Specjalistyczne pomiary dotyczą głównie pływania, biegu i jazdy rowerem gdzie wraz z dodatkowymi sensorami uda się rozwinąć zapis treningu. Na rowerze będzie to np. rozkład balansu, czy nasza moc (z rowerowych czujników mocy). ANT+ pozwoli wyświetlać część wyników na komputerku pokładowym. Z kolei w wodzie urządzenie będzie śledzić dystans, powtórzenia, tempo, osobiste rekordy i punktację SWOLF. Współpraca z czytnikiem HRM-Pro włączy też we wszystko dokładniejszą analizę rytmu serca, o którego dokładność np. pod wodą wprost z nadgarstka dość trudno. Bardziej zaawansowani biegacze mogą połączyć działanie zegarka z modułem Running Dynamics Pod, by dorzucić info o kadencji i długości kroku biegowego. Jeszcze nie sprawdzałem potencjału nowego HRM-Pro, ale zdaje się, że i tu są opcje znane z Running Dynamics Pod (pewnie kiedyś poświęcę mu osobny post, więc dorzucę przekierowanie).

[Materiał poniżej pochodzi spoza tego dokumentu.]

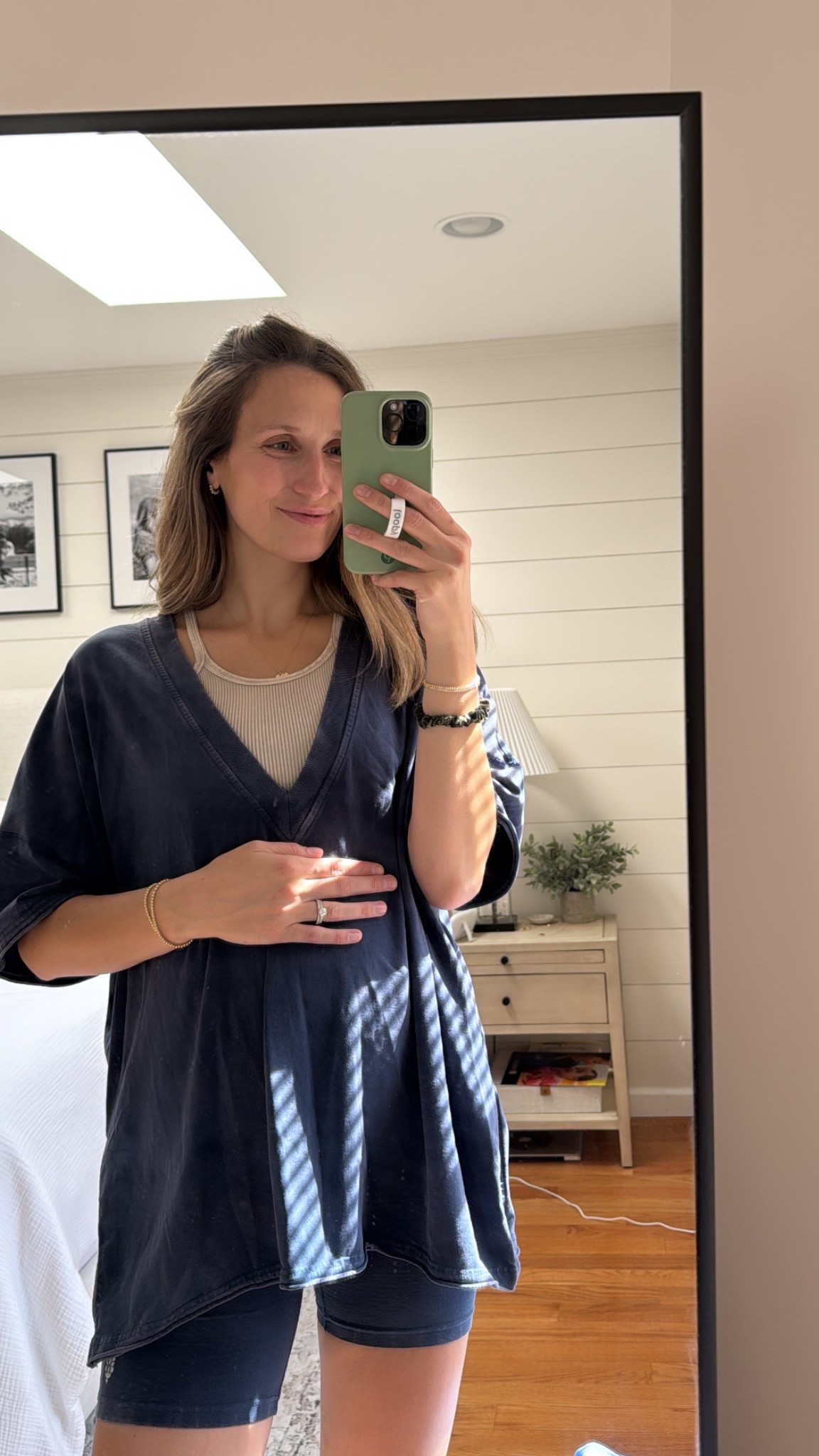 Comfiest nonmaternity set that fits the bump!🤰🏼

Maternity clothes// mom outfit// dress the bump

#LTKBump #LTKStyleTip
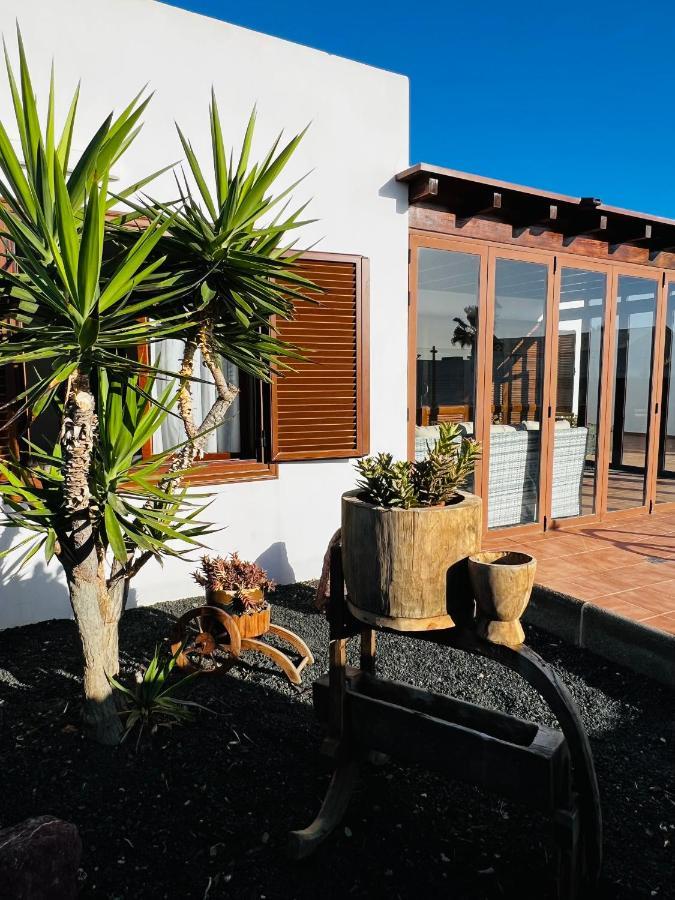 Mi Villa Playa Blanca  Eksteriør billede
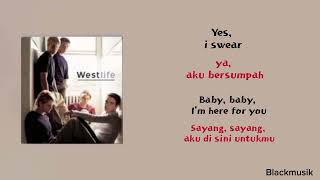 Westlife - I Need You / TRANSLATE INDONESIA LIRIK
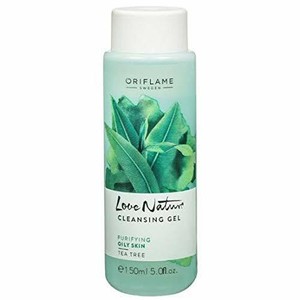 Oriflame Sweden Love Nature Cleansing 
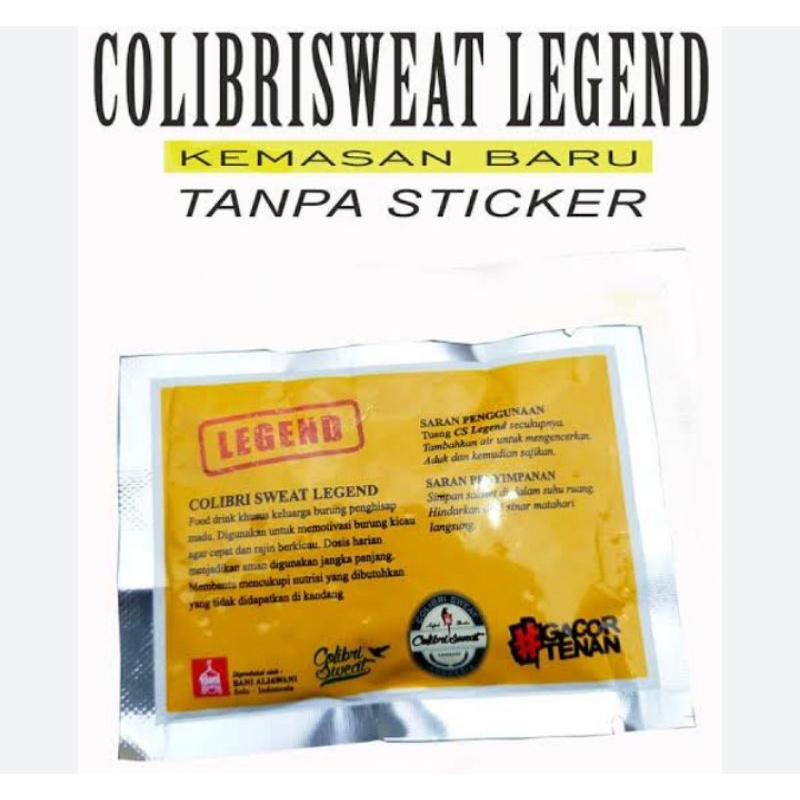 Colibri Sweat Nectar Burung Pakan Burung Konin Sogon Dan Lain Lain Nektar Terbaik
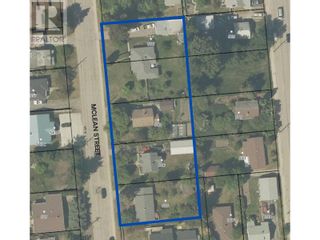 Photo 1: LOTS 2-6 MCLEAN STREET in Quesnel: Vacant Land for sale : MLS®# C8052574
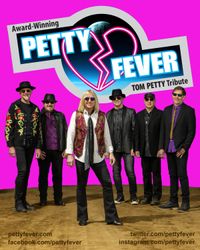 Petty Fever at Oregon Gardens Summer Concert Series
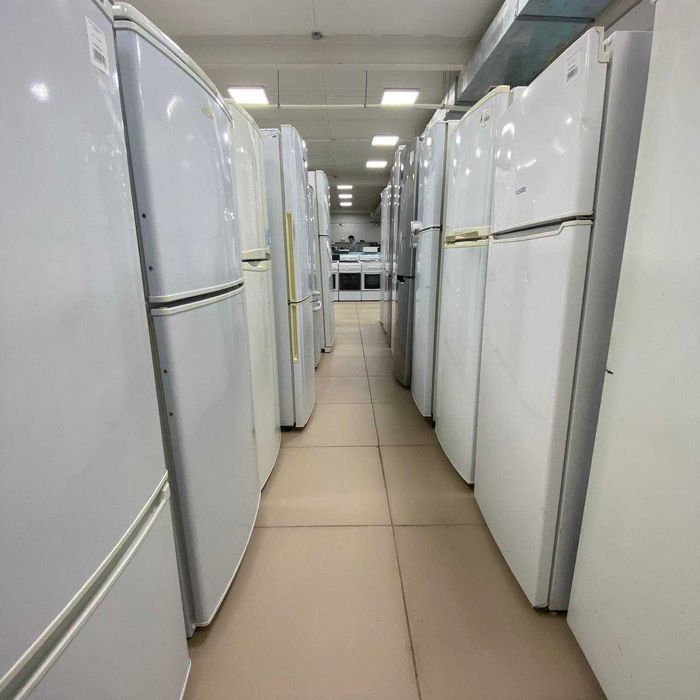 Холодильники Б\У Проверенные с Гарантией! Бесплатная доставка!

sportowy zegarek Garmin Forerunner 745

Garmin Forerunner 745

Garmin Forerunner 745 ma ekranik 1.2 cala w rozdzielczości 240 x 240. To w sumie wystarczające dla danych z treningu, ale też smart funckji. To sportowy smartwatch, więc ma wszystkie niezbędne dodatki, które posłużą nam na co dzień (poza treningiem). Mam na myśli dostęp do sklepiku Connect IQ, płatności zbliżeniowe Garmin Pay, powiadomienia ze sparowanego smartfona, sterowanie muzyką lub jej zapis w pamięci (do 500 utworów). Jest też aplikacja Garmin Connect do pobierania treningów i kursów.. Bateria ma wystarczyć na 7 pracy w trybie inteligentnym (czyli z opisanymi wyżej rozwiązaniami w użytku). Aktywny GPS skróci czas do maksymalnie 16 godzin. Lokalizowanie pozycji w trybie oszczędnym to 21h w UltraTrac. Szczelność na wodę to certyfikat 5 ATM. Forerunner 745 śledzi też dokładnie sen (co przyda się do analizy regeneracji). Jest też monitoring spraw kobiecych.

Garmin Forerunner kosztuje ok. 2300 zł. To kilka stów więcej od wariantu 645, ale i kilka mniej od topowego 945. Fenixów nie liczę, bo to troszkę inna półka (choć cennik zbliżony).